Men may also feel a lot of fear surrounding birth and have few ways to express it:
Although a man cannot feel the same pain as a laboring woman, I believe that many men experience a similar cycle of emotions in the birthing space to that which Dick-Read described, with a slightly different end product, namely: Fear > Tension > Panic. A man who is not confident in his partner’s birthing abilities, who is poorly informed, and/or who is poorly supported, becomes increasingly tense; and if this tension is not eased, then he spirals into an irreversible state of panic. This panic manifests differently in different men: some men become paralyzed by their fear (the familiar specter of the terrified dad sitting stock-still at the foot of the bed), while others spring into hyperactivity, bringing endless cups of water or becoming obsessively concerned with the temperature of the birth pool.

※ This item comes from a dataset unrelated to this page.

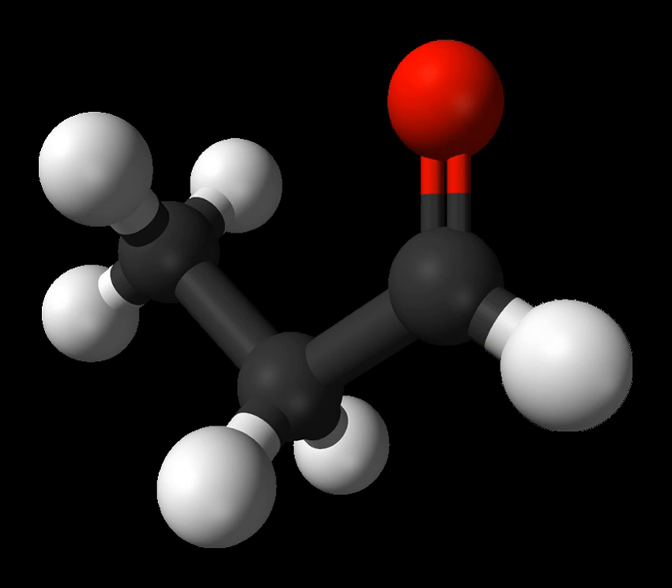Propionaldehyde, or propanal, is the organic compound with the formula CH3CH2CHO. It is a saturated 3-carbon aldehyde and is a structural isomer of acetone. It is a colorless liquid with a slightly irritating, fruity odor.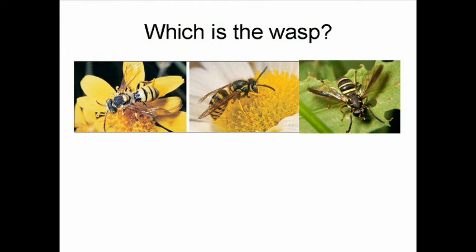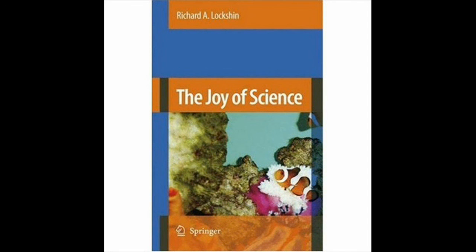So which of these is the wasp that you would rather avoid at your picnic? They look a lot alike, but the yellow jacket in the center is the only one that has a sting. The cuckoo bee is completely harmless, and the one on the right is a fly which even holds its legs to look like antennae — because flies don't have antennae. This and other adventures can be found in 'The Joy of Science' by Richard A. Lakshan, published by Springer.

via Fathers, Fear, and Birth

I think it is also important to recognize the deep gifts to be found in facing our fears and doing it anyway:
We may feel guilty, ashamed, negative, and apologetic about our deepest “what ifs.” We worry that if we speak of them, they might come true. We worry that in voicing them, we might make homebirth or midwifery or whatever look bad. We don’t want to add any fuel to the fire of terror that already dominates the “mainstream” birth climate. And, we don’t want to lose “crunchy points.” We want to be blissfully empowered, confident, and courageous. And, guess what? We are. Sometimes that courage comes from looking the “what ifs” right in the eye. Sometimes it comes from living through them. My most powerful gift from my pregnancy with my daughter, my pregnancy-after-loss baby, was to watch myself feel the fear and do it anyway. I was brave. And, it changed me to learn that.
What if we can learn more from our shadows than we ever thought possible? There is power in thinking what if I can’t do this and then discovering that you CAN…
via What If…She’s Stronger than She Knows… | Talk Birth.